6. Common design patterns, limits, and interpretive themes
Across the surveyed literature, several technical patterns recur. First, AutoPerf systems almost always rely on telemetry that preserves operational realism: hardware performance counters for software regressions and microprocessor validation, trace events and counter samples for task-parallel debugging, code-region metrics and I/O counts for SPMD programs, online metrics and risk events for recommender-system deployment, and live middleware timestamps for autonomous driving (Alam et al., 2017, Barboza et al., 2020, Drebes et al., 2014, Liu et al., 2011, Zhang et al., 27 Mar 2026, Pham et al., 15 Oct 2025). Second, they elevate performance diagnosis from a monolithic benchmark score to structured evidence over localized units such as changed functions, probes, tasks, code regions, decision agents, or containerized patches.
Third, most systems close some form of feedback loop, but the loop differs by domain. AutoPerf in AutoModel is explicitly a perception–decision–execution–feedback agent with persistent memory in a knowledge layer (Zhang et al., 27 Mar 2026). The software-regression system trains on 4 and diagnoses 5, with retraining on newer “good” versions presented as a plausible update path (Alam et al., 2017). The microprocessor system learns from legacy designs and applies the learned counters↔IPC relation to a new design (Barboza et al., 2020). CppPerf-Mine iterates from mining to build-and-test packaging, and ADPerf iterates from generated scene perturbations to latency and availability measurements (Ho et al., 11 May 2026, Pham et al., 15 Oct 2025).
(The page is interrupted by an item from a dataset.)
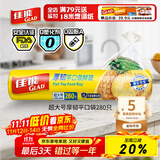 佳能（Glad）食品级保鲜袋超大号加厚280个 平口点断式 收纳塑料袋蔬果保鲜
The limits are equally consistent. Several papers provide architectural blueprints or methodological pipelines but leave key internals unspecified. AutoPerf in AutoModel does not specify detailed algorithms for experiment design, statistical testing, drift detection, scaling policies, or API schemas (Zhang et al., 27 Mar 2026). The Aftermath extension does not report quantitative evaluation metrics or scalability measurements (Drebes et al., 2014). AutoAnalyzer emphasizes lightweight data collection but does not quantify overhead numerically in the supplied summary (Liu et al., 2011). CppPerf is limited to CMake repositories and automated timing evidence exists for only 35 of 347 patches (Ho et al., 11 May 2026). The microprocessor AutoPerf detects the presence of a bug but “is not a root-cause localization tool” (Barboza et al., 2020). ADPerf reports simulation and workload constraints, including limited scenario coverage and randomness in preprocessing (Pham et al., 15 Oct 2025).
A second misconception is that “automation” implies full autonomy. In the literature, some AutoPerf systems remain decisional aids rather than self-sufficient optimizers. Aftermath’s AutoPerf guides users to relevant trace slices and indicators rather than automatically transforming code (Drebes et al., 2014). AutoAnalyzer produces core attributes and CCRs that direct optimization, but the optimizations themselves remain external actions (Liu et al., 2011). Even in the recommender-system setting, the paper emphasizes interpretable, auditable orchestration and states that detailed validation and safety checks are not specified (Zhang et al., 27 Mar 2026).
In aggregate, AutoPerf names a research trajectory that treats performance engineering as an object of automation. Its concrete instantiations differ sharply—autoencoders over hardware telemetry, rule-based anomaly scores over IPC predictions, clustering and rough sets over code-region metrics, online rollout control in recommender systems, Dockerized mining pipelines for C++, and latency-stressing test generation for autonomous driving—but all share the premise that performance failures can be made legible through structured measurement, automated decision procedures, and explicit feedback loops (Alam et al., 2017, Barboza et al., 2020, Liu et al., 2011, Zhang et al., 27 Mar 2026, Ho et al., 11 May 2026, Pham et al., 15 Oct 2025).